Retyping should cover only the lines from the one containing "WILL YOU WATCH" through the final line of the records, with pictures omitted.

Exercise inputs:
= Beginning of Section =
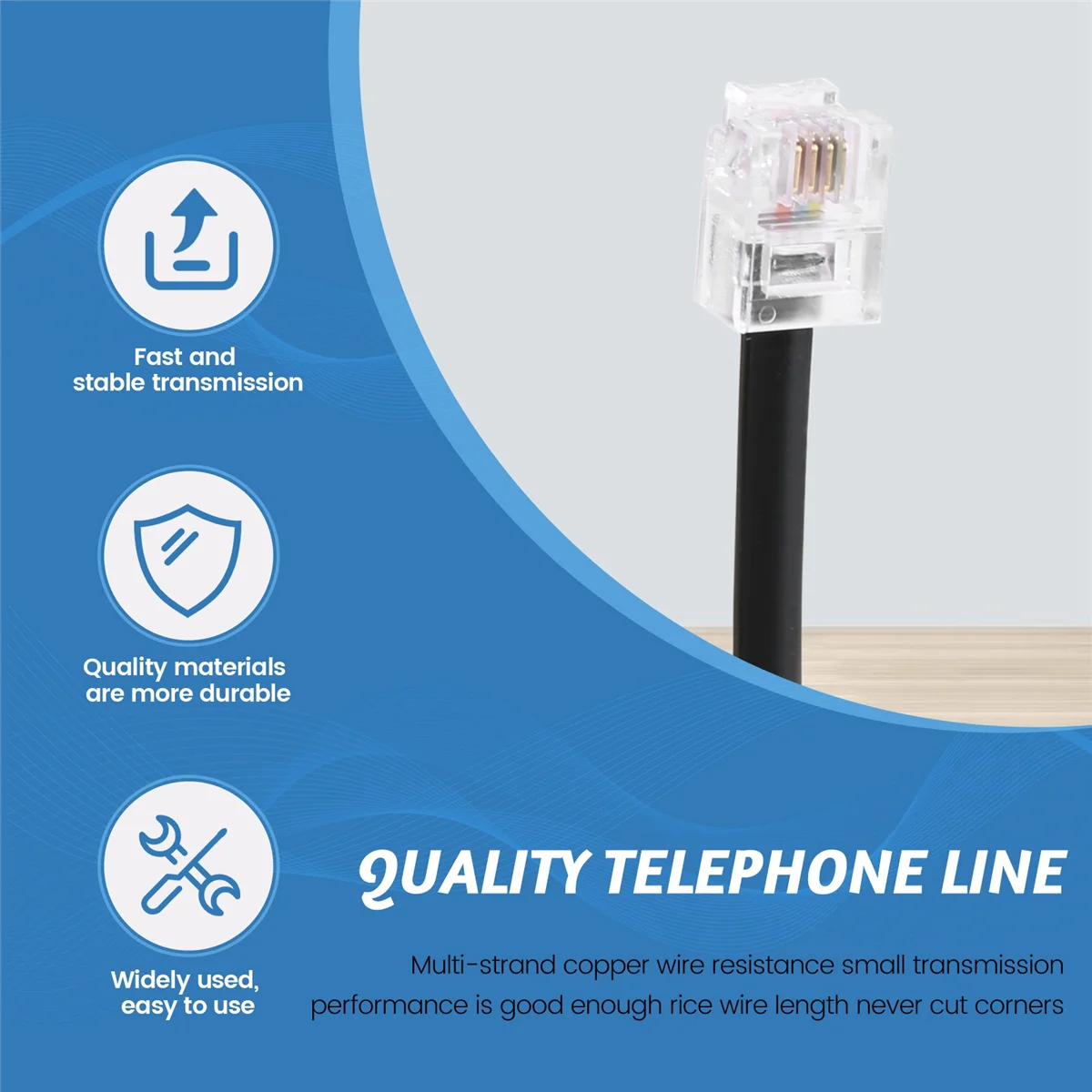 Телефонный кабель Supernew RJ11 6P4C, модем ADSL, 1 метр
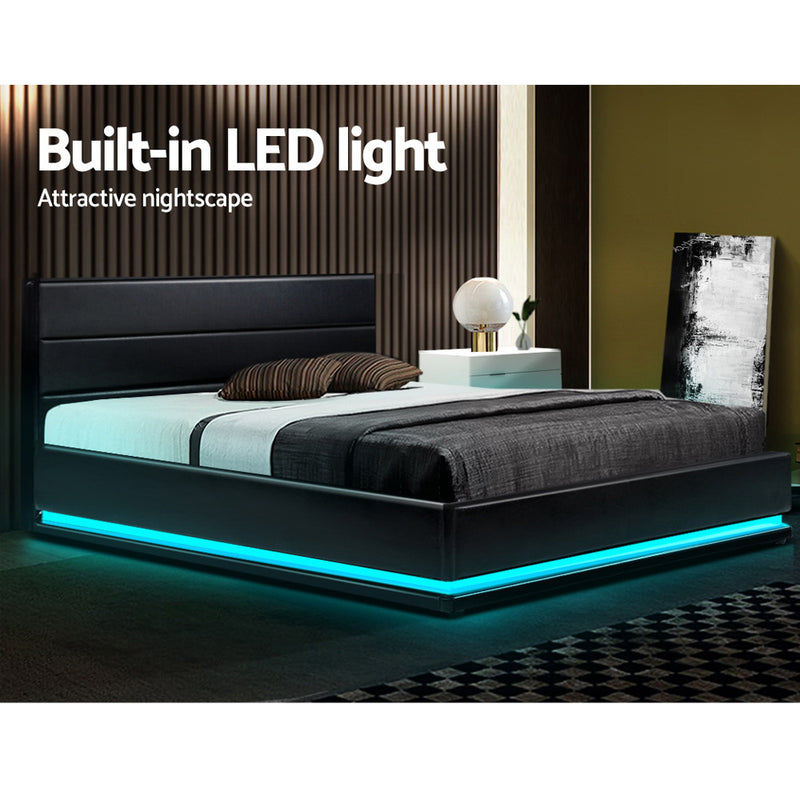 Ulen Double PVC LED Gas Lift Bed - Black
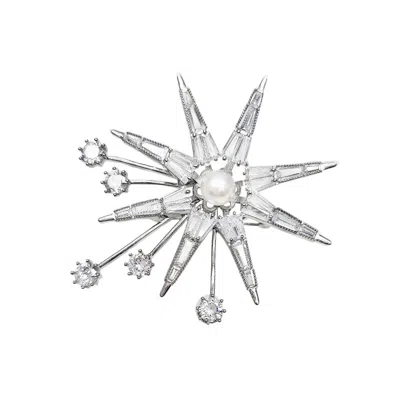 Farra Women's Purple Pearl Setting Star Shaped Brooch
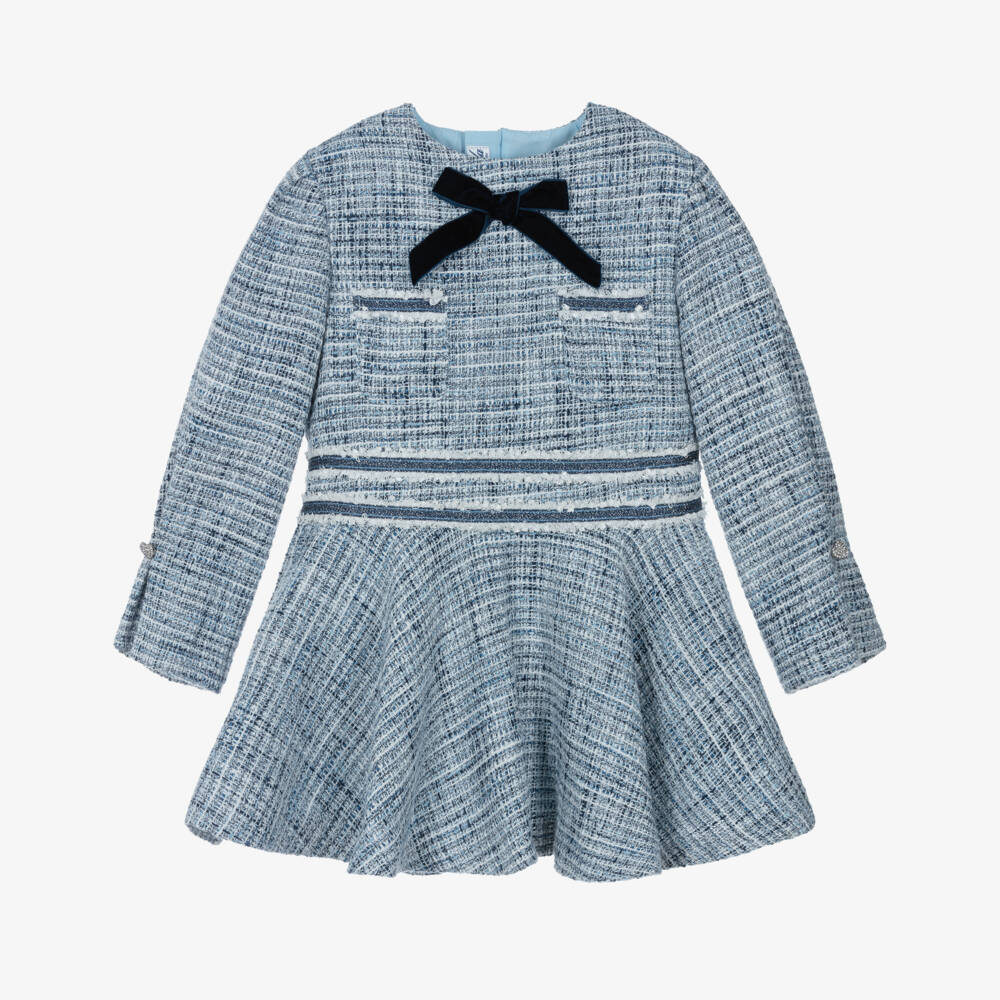Miranda-Girls Blue & Glittery Silver Tweed Dress with Velvet Bow  | Childrensalon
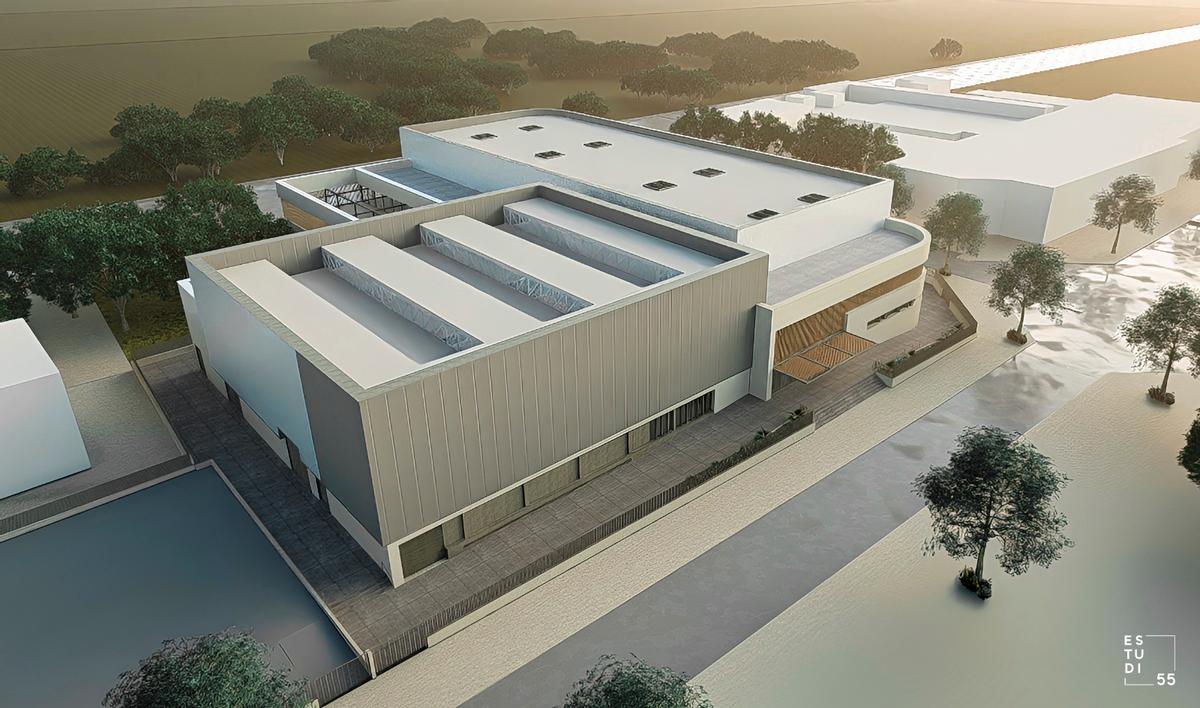 Imagen virtual del complejo multideportivo que se construye en Sueca.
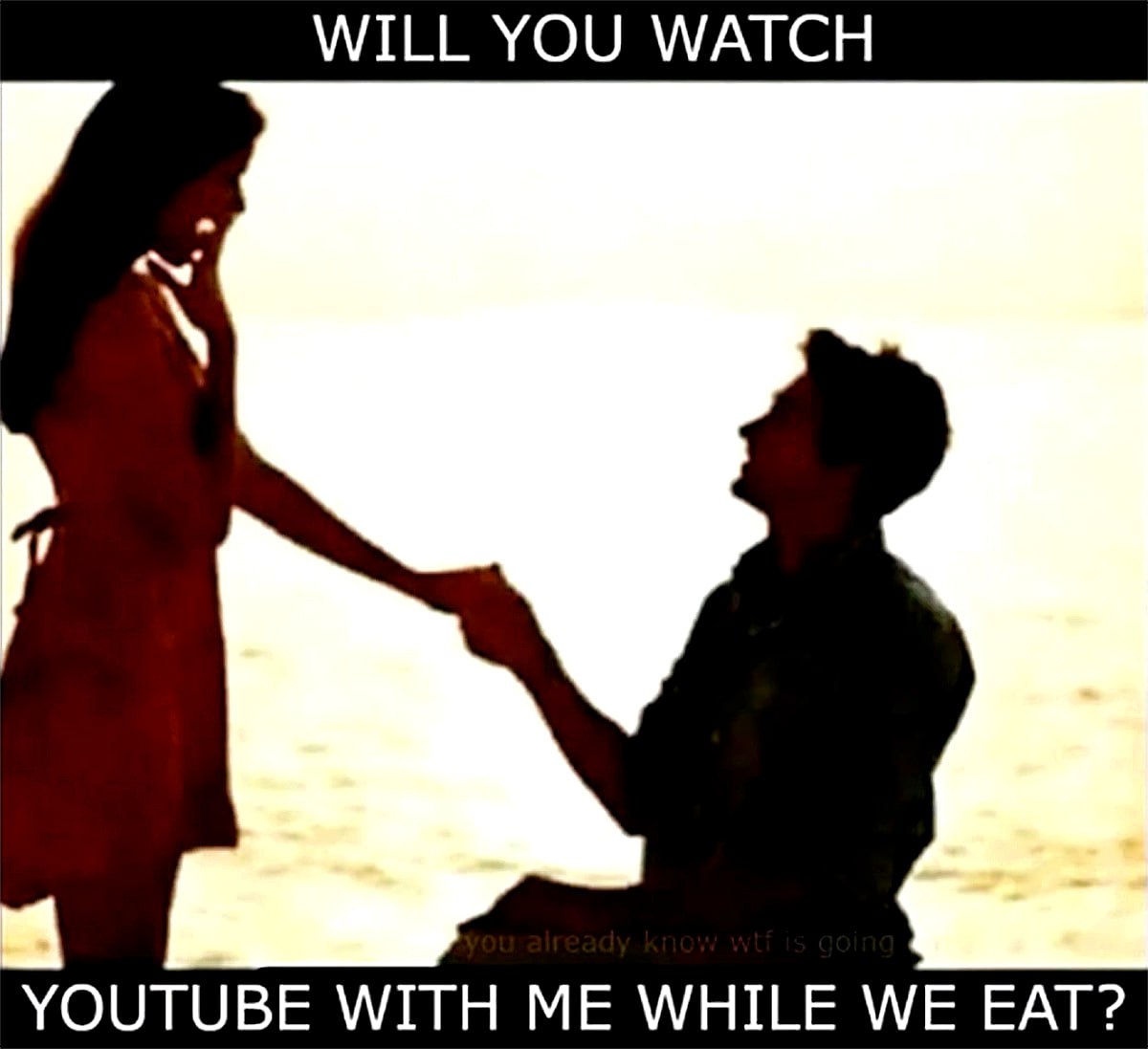 WILL YOU WATCH YOUTUBE WITH ME WHILE WE EAT? Предложение "Посмотришь YouTube со мной, пока мы едим?"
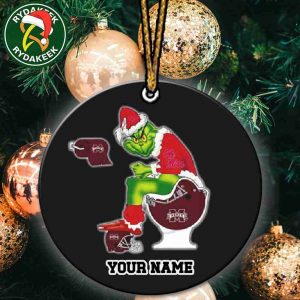Grinch Christmas X Ole Miss Rebels Sitting On Toilet Mississippi State Bulldogs Christmas Tree Decor Ornament Funny College Football NCAA
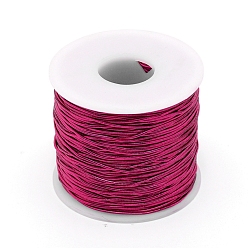 Purple Golden Silk Elastic Thread, with Latex Thread & Plastic Spool, Purple, 1mm, 100m/roll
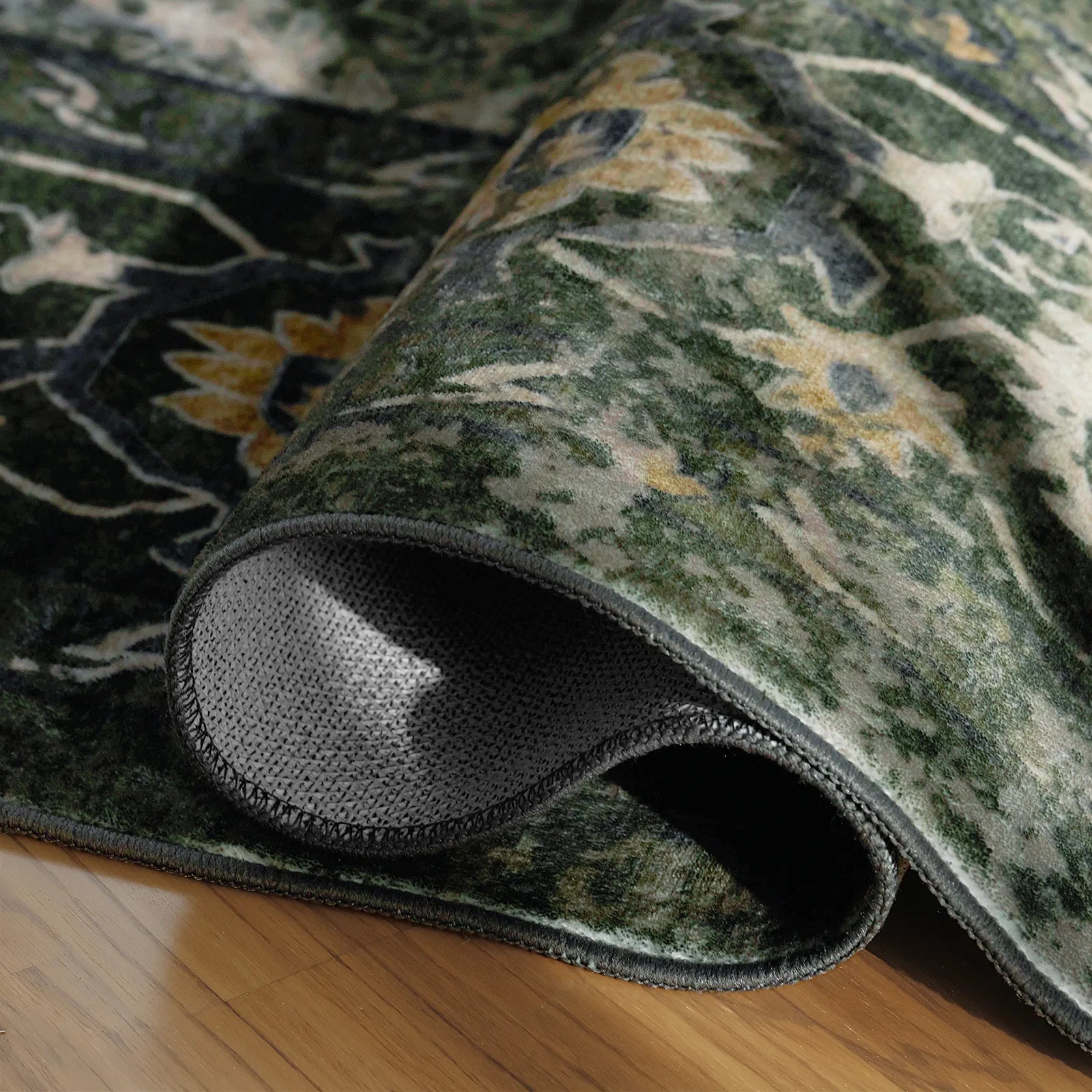 Margot Washable Vintage Distressed Dark Green Rug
= End of Section =
Answer for this exercise:
 WILL YOU WATCH YOUTUBE WITH ME WHILE WE EAT? Предложение "Посмотришь YouTube со мной, пока мы едим?"
Grinch Christmas X Ole Miss Rebels Sitting On Toilet Mississippi State Bulldogs Christmas Tree Decor Ornament Funny College Football NCAA
 Purple Golden Silk Elastic Thread, with Latex Thread & Plastic Spool, Purple, 1mm, 100m/roll
 Margot Washable Vintage Distressed Dark Green Rug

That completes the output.